> _Extracted information_

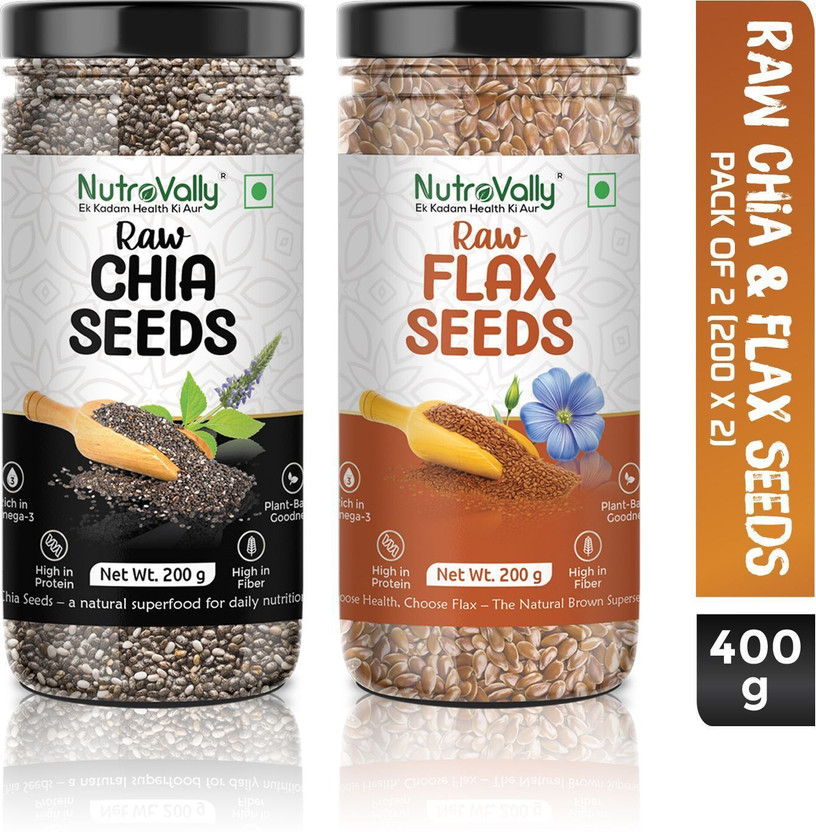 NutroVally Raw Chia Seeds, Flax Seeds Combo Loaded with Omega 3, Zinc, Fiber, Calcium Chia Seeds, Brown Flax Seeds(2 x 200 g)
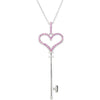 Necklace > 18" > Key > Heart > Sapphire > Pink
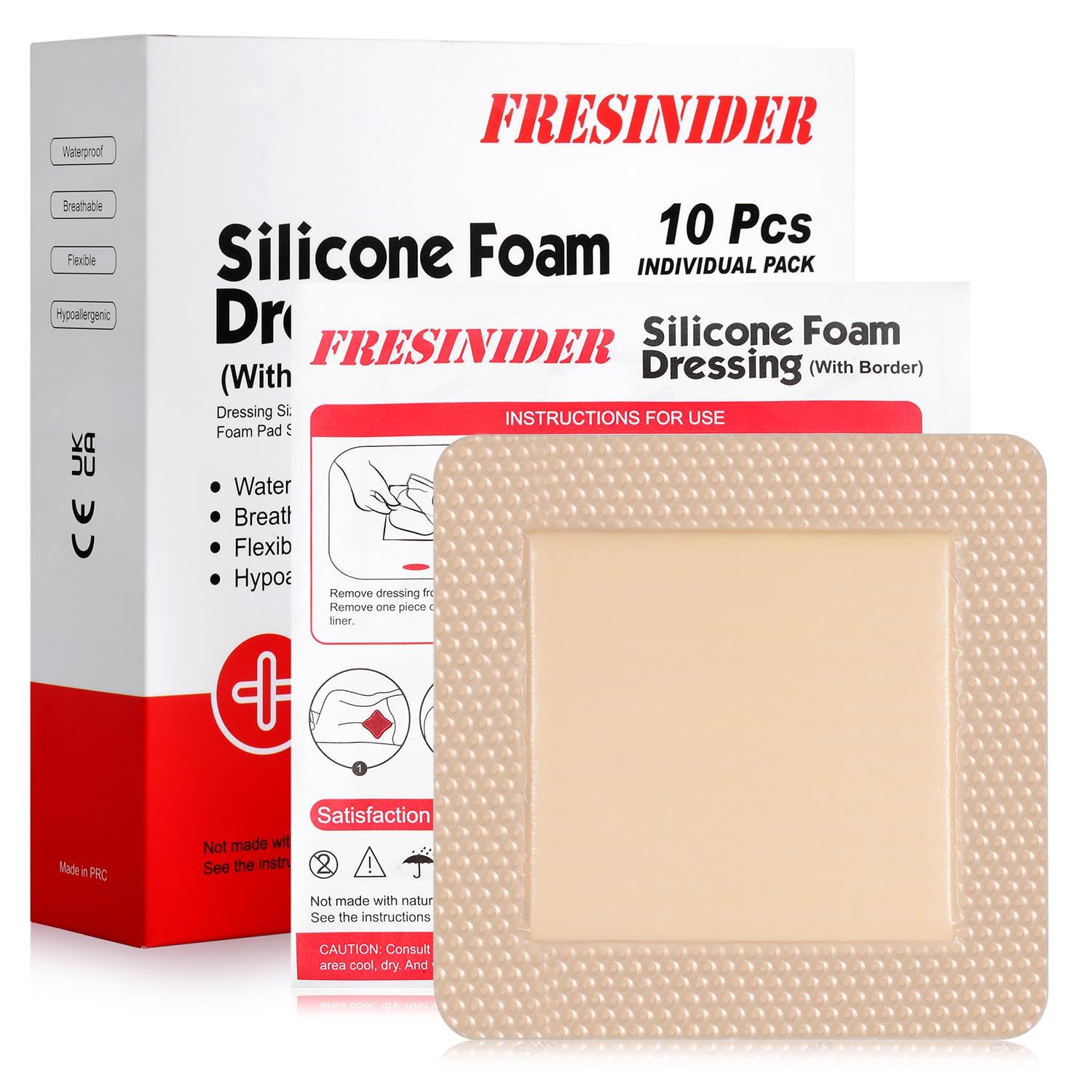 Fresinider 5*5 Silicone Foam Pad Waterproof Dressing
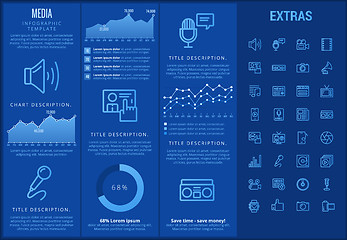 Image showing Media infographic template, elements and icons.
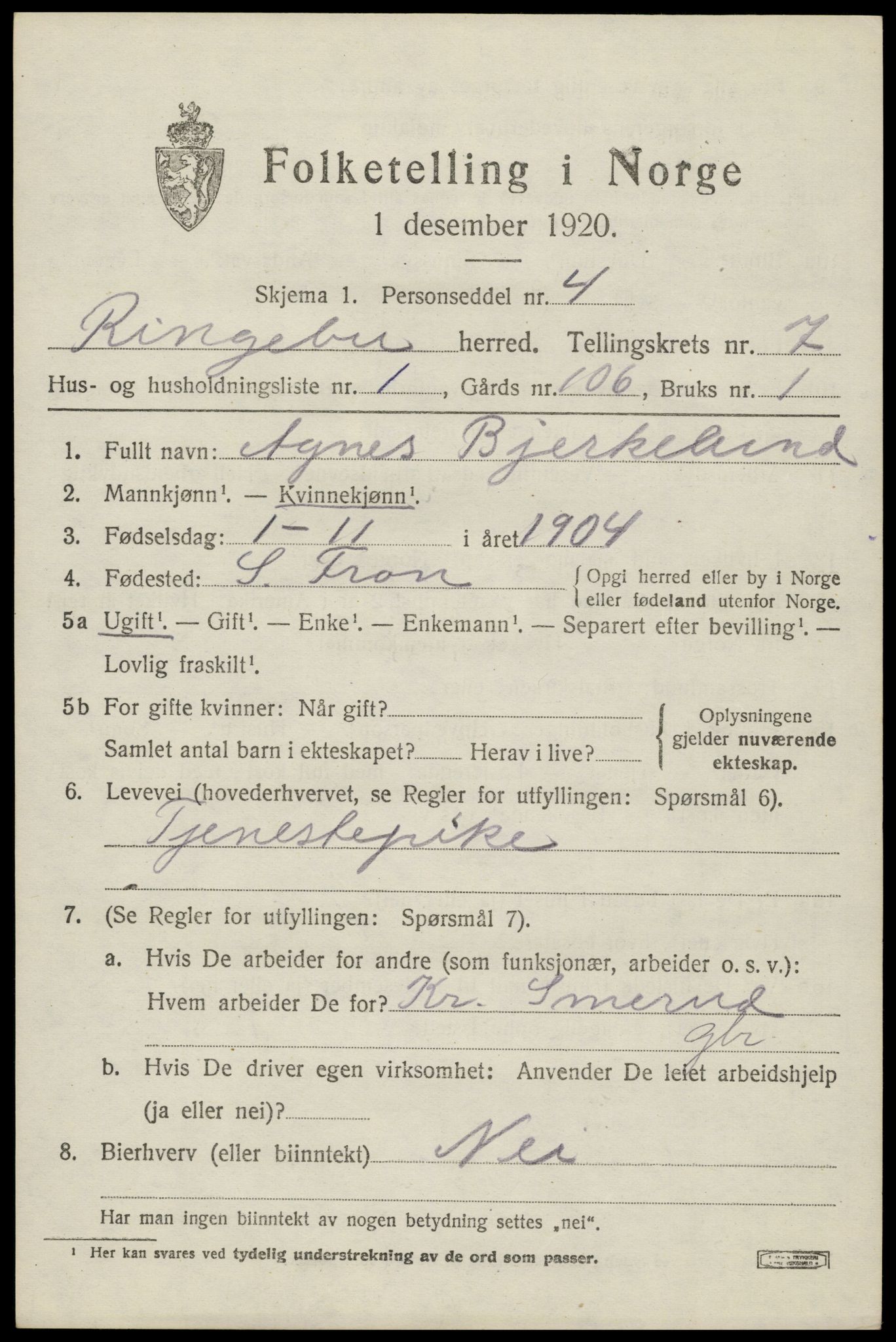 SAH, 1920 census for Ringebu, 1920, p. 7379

> _Brief_
Reproduce the listing verbatim, and keep the pictures out of the copy.

> _Task solution_
 NutroVally Raw Chia Seeds, Flax Seeds Combo Loaded with Omega 3, Zinc, Fiber, Calcium Chia Seeds, Brown Flax Seeds(2 x 200 g)
 Necklace > 18" > Key > Heart > Sapphire > Pink
 Fresinider 5*5 Silicone Foam Pad Waterproof Dressing
 Image showing Media infographic template, elements and icons.
 SAH, 1920 census for Ringebu, 1920, p. 7379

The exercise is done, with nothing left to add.